Problem requirements:
Between the line containing "1 bed, 1 bath, 450 sqft, $1,275, Unit #23" and the line containing "Standard Double Room, Private" lies a run of lines; give that run again exactly, with both of those lines, and nothing else from the entries below.

Entries shown:
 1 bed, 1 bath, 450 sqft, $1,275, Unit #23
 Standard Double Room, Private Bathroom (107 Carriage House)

...

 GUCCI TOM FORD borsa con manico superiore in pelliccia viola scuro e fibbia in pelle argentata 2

--

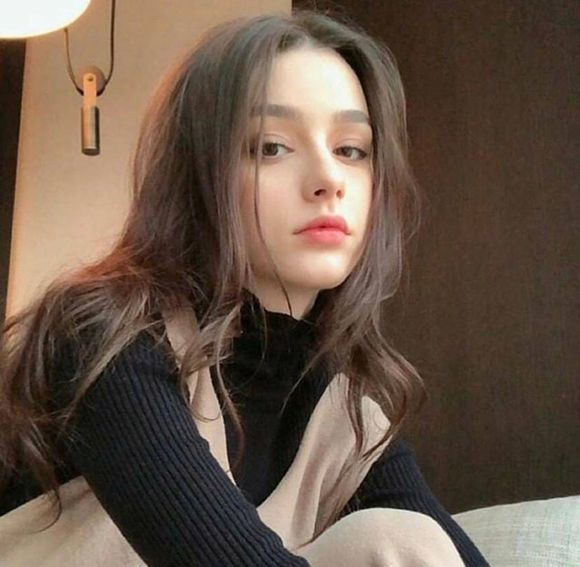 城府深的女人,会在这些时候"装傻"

Solution for this problem:
 1 bed, 1 bath, 450 sqft, $1,275, Unit #23
 Standard Double Room, Private Bathroom (107 Carriage House)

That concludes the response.